Since 2016, OSS-Fuzz has been at the forefront of automated vulnerability discovery for open source projects. Vulnerability discovery is an important part of keeping software supply chains secure, so our team is constantly working to improve OSS-Fuzz. For the last few months, we’ve tested whether we could boost OSS-Fuzz’s performance using Google’s Large Language Models (LLM). 

This blog post shares our experience of successfully applying the generative power of LLMs to improve the automated vulnerability detection technique known as fuzz testing (“fuzzing”). By using LLMs, we’re able to increase the code coverage for critical projects using our OSS-Fuzz service without manually writing additional code. Using LLMs is a promising new way to scale security improvements across the over 1,000 projects currently fuzzed by OSS-Fuzz and to remove barriers to future projects adopting fuzzing. 

LLM-aided fuzzing

We created the OSS-Fuzz service to help open source developers find bugs in their code at scale—especially bugs that indicate security vulnerabilities. After more than six years of running OSS-Fuzz, we now support over 1,000 open source projects with continuous fuzzing, free of charge. As the Heartbleed vulnerability showed us, bugs that could be easily found with automated fuzzing can have devastating effects. For most open source developers, setting up their own fuzzing solution could cost time and resources. With OSS-Fuzz, developers are able to integrate their project for free, automated bug discovery at scale.  

Since 2016, we’ve found and verified a fix for over 10,000 security vulnerabilities. We also believe that OSS-Fuzz could likely find even more bugs with increased code coverage. The fuzzing service covers only around 30% of an open source project’s code on average, meaning that a large portion of our users’ code remains untouched by fuzzing. Recent research suggests that the most effective way to increase this is by adding additional fuzz targets for every project—one of the few parts of the fuzzing workflow that isn’t yet automated.

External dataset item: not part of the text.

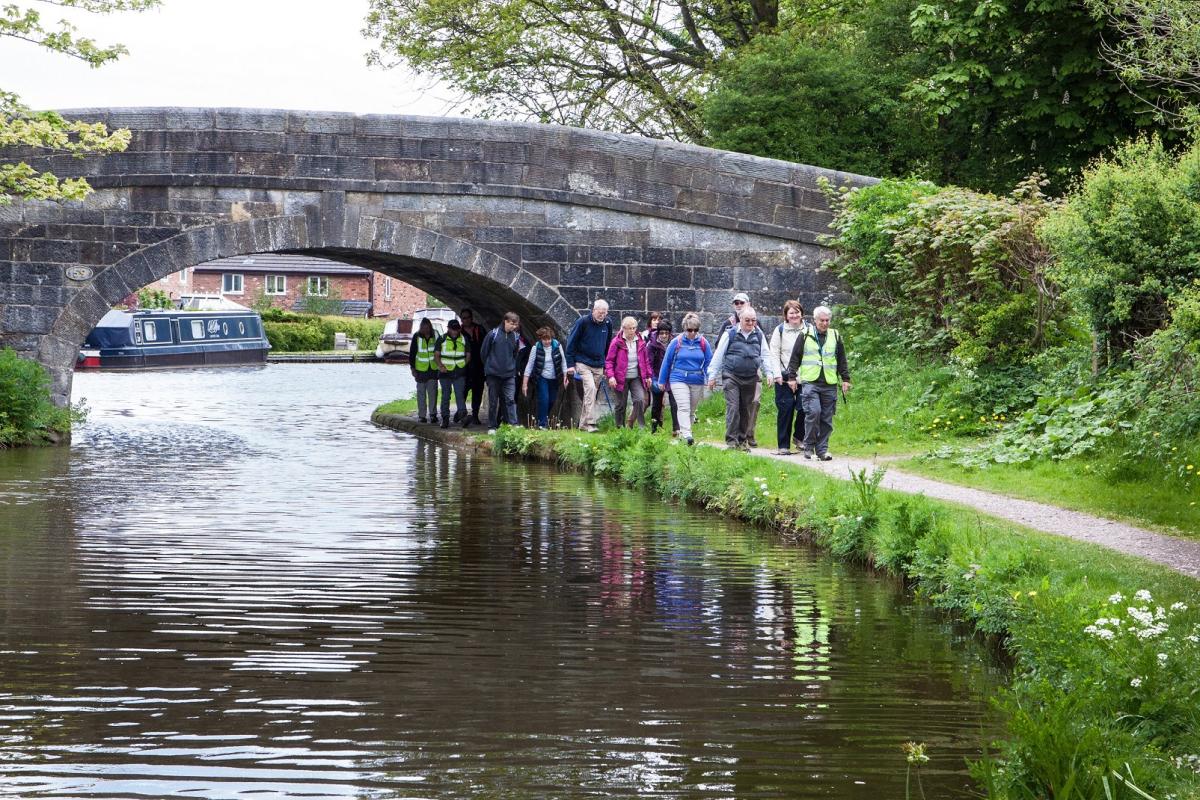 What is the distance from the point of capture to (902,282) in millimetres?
17672

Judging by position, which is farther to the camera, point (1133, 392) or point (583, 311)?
point (583, 311)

When an open source project onboards to OSS-Fuzz, maintainers make an initial time investment to integrate their projects into the infrastructure and then add fuzz targets. The fuzz targets are functions that use randomized input to test the targeted code. Writing fuzz targets is a project-specific and manual process that is similar to writing unit tests. The ongoing security benefits from fuzzing make this initial investment of time worth it for maintainers, but writing a comprehensive set of fuzz targets is an tough expectation for project maintainers, who are often volunteers. 

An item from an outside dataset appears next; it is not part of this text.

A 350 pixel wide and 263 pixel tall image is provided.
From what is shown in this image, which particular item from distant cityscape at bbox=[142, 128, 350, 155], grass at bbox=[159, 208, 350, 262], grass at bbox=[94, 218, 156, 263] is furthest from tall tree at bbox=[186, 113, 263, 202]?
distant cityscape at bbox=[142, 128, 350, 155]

But what if LLMs could write additional fuzz targets for maintainers?

“Hey LLM, fuzz this project for me”

To discover whether an LLM could successfully write new fuzz targets, we built an evaluation framework that connects OSS-Fuzz to the LLM, conducts the experiment, and evaluates the results. The steps look like this:  

1. OSS-Fuzz’s Fuzz Introspector tool identifies an under-fuzzed, high-potential portion of the sample project’s code and passes the code to the evaluation framework. 

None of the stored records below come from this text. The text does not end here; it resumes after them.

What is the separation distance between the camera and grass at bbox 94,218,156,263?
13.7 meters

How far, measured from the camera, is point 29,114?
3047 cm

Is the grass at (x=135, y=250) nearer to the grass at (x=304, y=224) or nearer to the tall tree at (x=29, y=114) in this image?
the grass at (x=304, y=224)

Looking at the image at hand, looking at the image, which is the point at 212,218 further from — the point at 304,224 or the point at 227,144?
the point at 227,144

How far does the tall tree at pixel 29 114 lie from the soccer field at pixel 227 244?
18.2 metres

2. The evaluation framework creates a prompt that the LLM will use to write the new fuzz target. The prompt includes project-specific information.

3. The evaluation framework takes the fuzz target generated by the LLM and runs the new target. 

4. The evaluation framework observes the run for any change in code coverage.

5. In the event that the fuzz target fails to compile, the evaluation framework prompts the LLM to write a revised fuzz target that addresses the compilation errors.

Experiment overview: The experiment pictured above is a fully automated process, from identifying target code to evaluating the change in code coverage.

At first, the code generated from our prompts wouldn’t compile, however after several rounds of  prompt engineering and trying out the new fuzz targets, we saw projects gain between 1.5% and 31% code coverage. One of our sample projects, tinyxml2, went from 38% line coverage to 69% without any interventions from our team. The case of tinyxml2 taught us: when LLM-generated fuzz targets are added, tinyxml2 has the majority of its code covered. 

Example fuzz targets for tinyxml2: Each of the five fuzz targets shown is associated with a different part of the code and adds to the overall coverage improvement. 

To replicate tinyxml2’s results manually would have required at least a day’s worth of work—which would mean several years of work to manually cover all OSS-Fuzz projects. Given tinyxml2’s promising results, we want to implement them in production and to extend similar, automatic coverage to other OSS-Fuzz projects. 

Additionally, in the OpenSSL project, our LLM was able to automatically generate a working target that rediscovered CVE-2022-3602, which was in an area of code that previously did not have fuzzing coverage. Though this is not a new vulnerability, it suggests that as code coverage increases, we will find more vulnerabilities that are currently missed by fuzzing. 

Learn more about our results through our example prompts and outputs or through our experiment report. 

The goal: fully automated fuzzing

In the next few months, we’ll open source our evaluation framework to allow researchers to test their own automatic fuzz target generation. We’ll continue to optimize our use of LLMs for fuzzing target generation through more model finetuning, prompt engineering, and improvements to our infrastructure. We’re also collaborating closely with the Assured OSS team on this research in order to secure even more open source software used by Google Cloud customers.   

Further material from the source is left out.